PROBLEM REQUIREMENTS:
Only the lines from the one that contains "Meglepő hírek jöttek" through the last line of the data below should be duplicated, exactly and without pictures.

ENTRIES SHOWN:
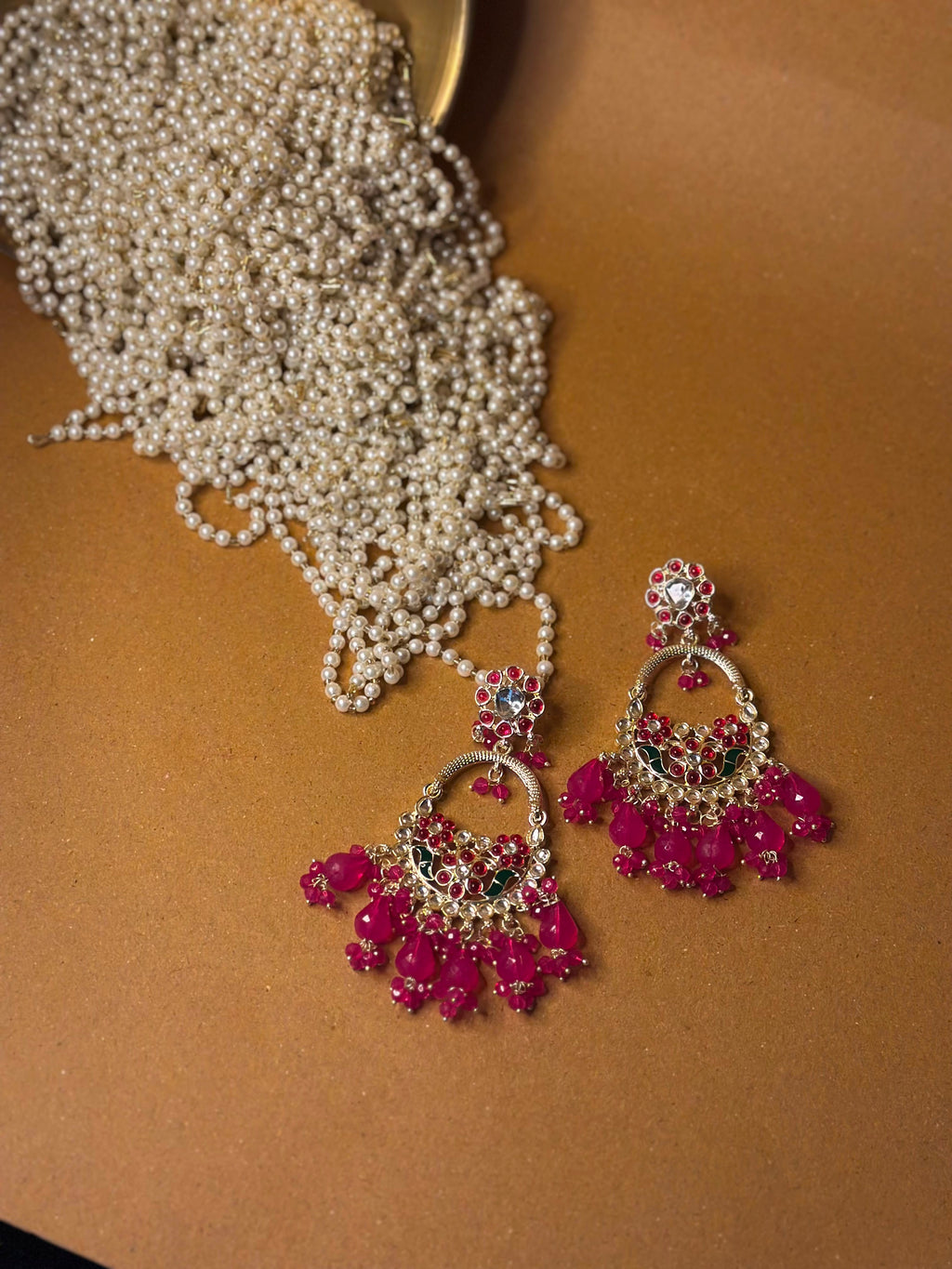 Parinaz coral- NAZ colection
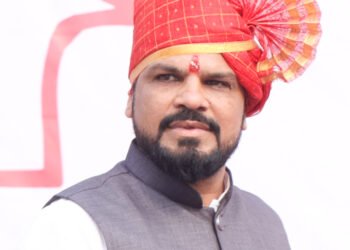 संदीप भंडारी जैन आर्थिक महामंडळाच्या समन्वयकपदी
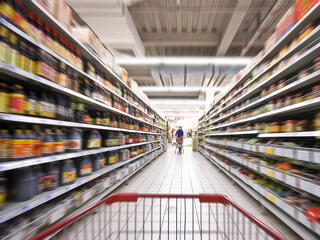 Meglepő hírek jöttek a hazai hipermarketekből 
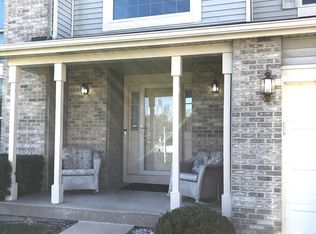 2105 Brookshire Estates Ct, Plainfield, IL 60586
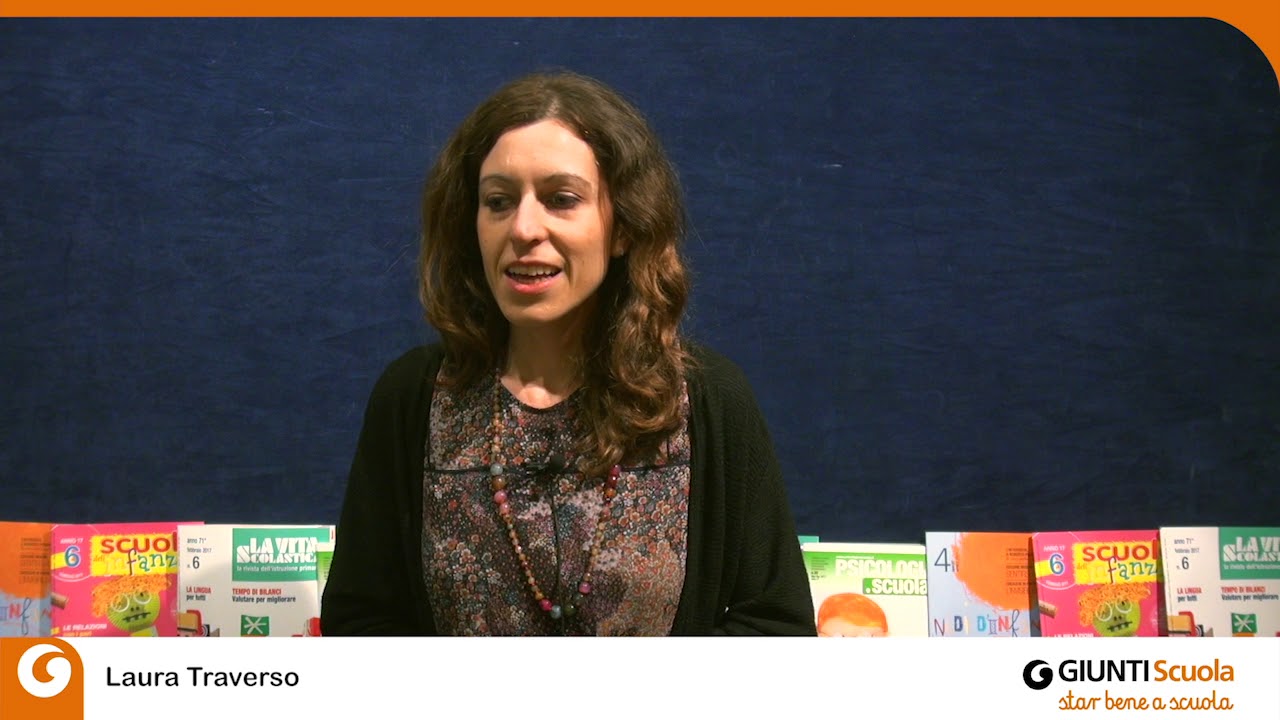 L'educazione delle regole - Laura Traverso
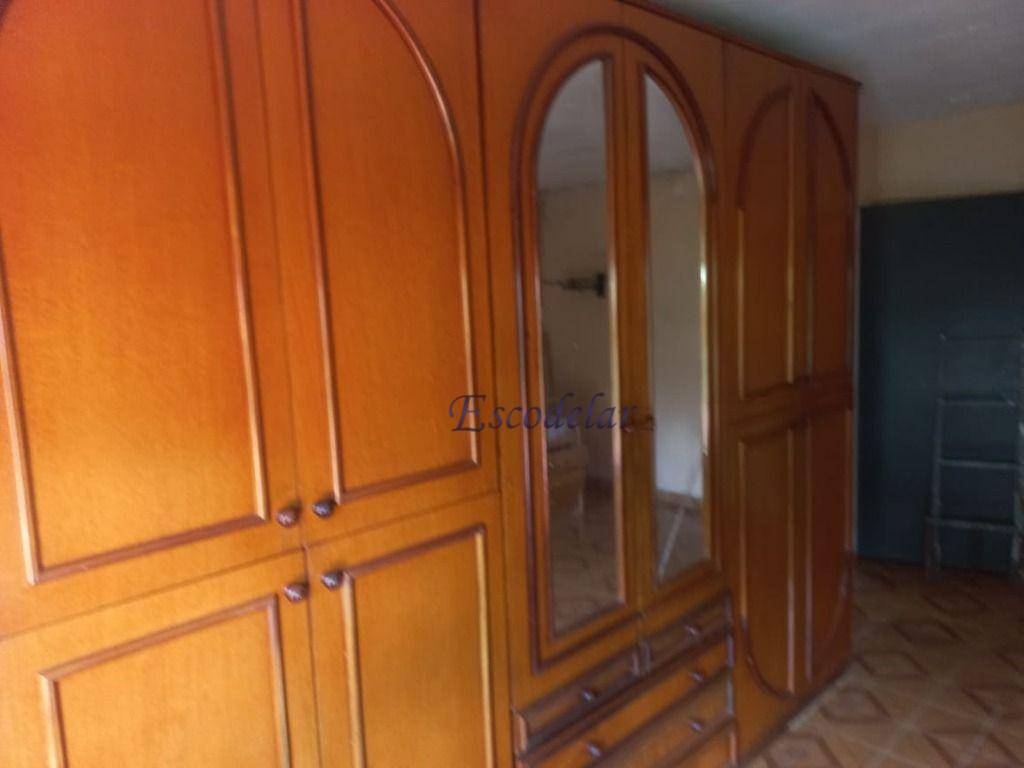 Sobrado à venda com 3 quartos, 300m² - Foto 27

ANSWER TO THE EXERCISE:
 Meglepő hírek jöttek a hazai hipermarketekből 
 2105 Brookshire Estates Ct, Plainfield, IL 60586
 L'educazione delle regole - Laura Traverso
 Sobrado à venda com 3 quartos, 300m² - Foto 27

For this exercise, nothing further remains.